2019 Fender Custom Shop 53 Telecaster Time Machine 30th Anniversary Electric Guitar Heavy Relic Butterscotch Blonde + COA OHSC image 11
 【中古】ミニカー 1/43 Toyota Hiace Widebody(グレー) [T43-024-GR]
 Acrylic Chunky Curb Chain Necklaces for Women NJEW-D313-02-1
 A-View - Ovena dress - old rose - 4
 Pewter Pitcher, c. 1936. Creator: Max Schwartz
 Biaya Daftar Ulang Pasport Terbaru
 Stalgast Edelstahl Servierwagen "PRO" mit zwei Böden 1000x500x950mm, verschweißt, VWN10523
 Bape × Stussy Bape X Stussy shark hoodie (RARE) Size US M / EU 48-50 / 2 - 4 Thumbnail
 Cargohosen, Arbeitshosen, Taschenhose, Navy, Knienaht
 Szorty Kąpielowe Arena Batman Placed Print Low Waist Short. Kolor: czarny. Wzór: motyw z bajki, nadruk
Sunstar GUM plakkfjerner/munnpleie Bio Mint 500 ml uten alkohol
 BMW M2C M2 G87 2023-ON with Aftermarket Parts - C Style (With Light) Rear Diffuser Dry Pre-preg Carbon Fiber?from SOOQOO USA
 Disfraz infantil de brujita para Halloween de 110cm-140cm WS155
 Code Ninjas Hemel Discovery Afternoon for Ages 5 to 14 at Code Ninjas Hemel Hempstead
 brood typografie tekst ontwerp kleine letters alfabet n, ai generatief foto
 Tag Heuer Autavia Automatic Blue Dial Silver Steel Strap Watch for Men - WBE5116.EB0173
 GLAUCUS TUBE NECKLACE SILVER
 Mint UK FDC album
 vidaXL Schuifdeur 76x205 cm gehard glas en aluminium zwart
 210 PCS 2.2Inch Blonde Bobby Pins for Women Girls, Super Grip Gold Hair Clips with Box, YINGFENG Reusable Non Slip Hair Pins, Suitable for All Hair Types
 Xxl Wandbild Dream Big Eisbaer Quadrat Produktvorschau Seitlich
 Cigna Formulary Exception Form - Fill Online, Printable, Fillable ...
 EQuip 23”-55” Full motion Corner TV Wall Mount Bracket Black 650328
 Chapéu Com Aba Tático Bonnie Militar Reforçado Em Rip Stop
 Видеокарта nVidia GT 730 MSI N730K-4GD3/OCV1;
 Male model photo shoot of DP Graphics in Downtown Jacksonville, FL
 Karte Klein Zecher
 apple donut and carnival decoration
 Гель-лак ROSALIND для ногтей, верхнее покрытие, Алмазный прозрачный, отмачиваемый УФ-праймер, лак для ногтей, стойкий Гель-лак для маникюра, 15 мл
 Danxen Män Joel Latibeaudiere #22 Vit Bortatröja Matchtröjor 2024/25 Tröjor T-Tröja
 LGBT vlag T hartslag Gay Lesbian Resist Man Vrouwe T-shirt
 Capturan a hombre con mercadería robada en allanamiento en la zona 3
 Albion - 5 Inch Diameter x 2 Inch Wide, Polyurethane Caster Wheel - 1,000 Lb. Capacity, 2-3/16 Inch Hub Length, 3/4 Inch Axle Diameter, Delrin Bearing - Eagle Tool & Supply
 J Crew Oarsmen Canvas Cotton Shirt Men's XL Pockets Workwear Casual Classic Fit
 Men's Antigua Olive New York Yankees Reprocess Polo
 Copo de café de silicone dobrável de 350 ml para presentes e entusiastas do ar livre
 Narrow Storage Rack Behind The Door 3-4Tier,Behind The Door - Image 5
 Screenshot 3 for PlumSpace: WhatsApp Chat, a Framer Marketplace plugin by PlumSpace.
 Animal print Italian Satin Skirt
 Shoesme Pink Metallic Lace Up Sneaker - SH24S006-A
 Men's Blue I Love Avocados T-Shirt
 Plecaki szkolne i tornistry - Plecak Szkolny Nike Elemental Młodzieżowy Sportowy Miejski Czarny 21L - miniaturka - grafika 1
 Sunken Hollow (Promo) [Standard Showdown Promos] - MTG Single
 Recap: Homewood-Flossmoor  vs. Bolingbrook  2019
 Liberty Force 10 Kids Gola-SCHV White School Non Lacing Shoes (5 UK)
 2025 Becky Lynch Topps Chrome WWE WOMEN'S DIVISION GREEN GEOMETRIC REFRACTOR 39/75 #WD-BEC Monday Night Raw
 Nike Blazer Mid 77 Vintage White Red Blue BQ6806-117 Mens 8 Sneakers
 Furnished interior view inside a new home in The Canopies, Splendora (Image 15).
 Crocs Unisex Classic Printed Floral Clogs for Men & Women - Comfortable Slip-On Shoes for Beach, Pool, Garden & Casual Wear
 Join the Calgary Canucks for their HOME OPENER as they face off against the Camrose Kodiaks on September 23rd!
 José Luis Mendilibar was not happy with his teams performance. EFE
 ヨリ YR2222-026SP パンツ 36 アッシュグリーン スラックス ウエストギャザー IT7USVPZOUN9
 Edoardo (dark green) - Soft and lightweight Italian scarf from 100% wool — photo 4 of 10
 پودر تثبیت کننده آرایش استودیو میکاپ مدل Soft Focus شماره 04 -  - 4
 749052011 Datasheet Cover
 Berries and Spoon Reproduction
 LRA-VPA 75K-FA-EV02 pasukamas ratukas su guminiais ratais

-*-*-

Exercise instructions: Everything from the line with "LGBT vlag T" through the line with "Join the Calgary" in the listing above must be retyped exactly, with nothing added.

Solution to this problem:
 LGBT vlag T hartslag Gay Lesbian Resist Man Vrouwe T-shirt
 Capturan a hombre con mercadería robada en allanamiento en la zona 3
 Albion - 5 Inch Diameter x 2 Inch Wide, Polyurethane Caster Wheel - 1,000 Lb. Capacity, 2-3/16 Inch Hub Length, 3/4 Inch Axle Diameter, Delrin Bearing - Eagle Tool & Supply
 J Crew Oarsmen Canvas Cotton Shirt Men's XL Pockets Workwear Casual Classic Fit
 Men's Antigua Olive New York Yankees Reprocess Polo
 Copo de café de silicone dobrável de 350 ml para presentes e entusiastas do ar livre
 Narrow Storage Rack Behind The Door 3-4Tier,Behind The Door - Image 5
 Screenshot 3 for PlumSpace: WhatsApp Chat, a Framer Marketplace plugin by PlumSpace.
 Animal print Italian Satin Skirt
 Shoesme Pink Metallic Lace Up Sneaker - SH24S006-A
 Men's Blue I Love Avocados T-Shirt
 Plecaki szkolne i tornistry - Plecak Szkolny Nike Elemental Młodzieżowy Sportowy Miejski Czarny 21L - miniaturka - grafika 1
 Sunken Hollow (Promo) [Standard Showdown Promos] - MTG Single
 Recap: Homewood-Flossmoor  vs. Bolingbrook  2019
 Liberty Force 10 Kids Gola-SCHV White School Non Lacing Shoes (5 UK)
 2025 Becky Lynch Topps Chrome WWE WOMEN'S DIVISION GREEN GEOMETRIC REFRACTOR 39/75 #WD-BEC Monday Night Raw
 Nike Blazer Mid 77 Vintage White Red Blue BQ6806-117 Mens 8 Sneakers
 Furnished interior view inside a new home in The Canopies, Splendora (Image 15).
 Crocs Unisex Classic Printed Floral Clogs for Men & Women - Comfortable Slip-On Shoes for Beach, Pool, Garden & Casual Wear
 Join the Calgary Canucks for their HOME OPENER as they face off against the Camrose Kodiaks on September 23rd!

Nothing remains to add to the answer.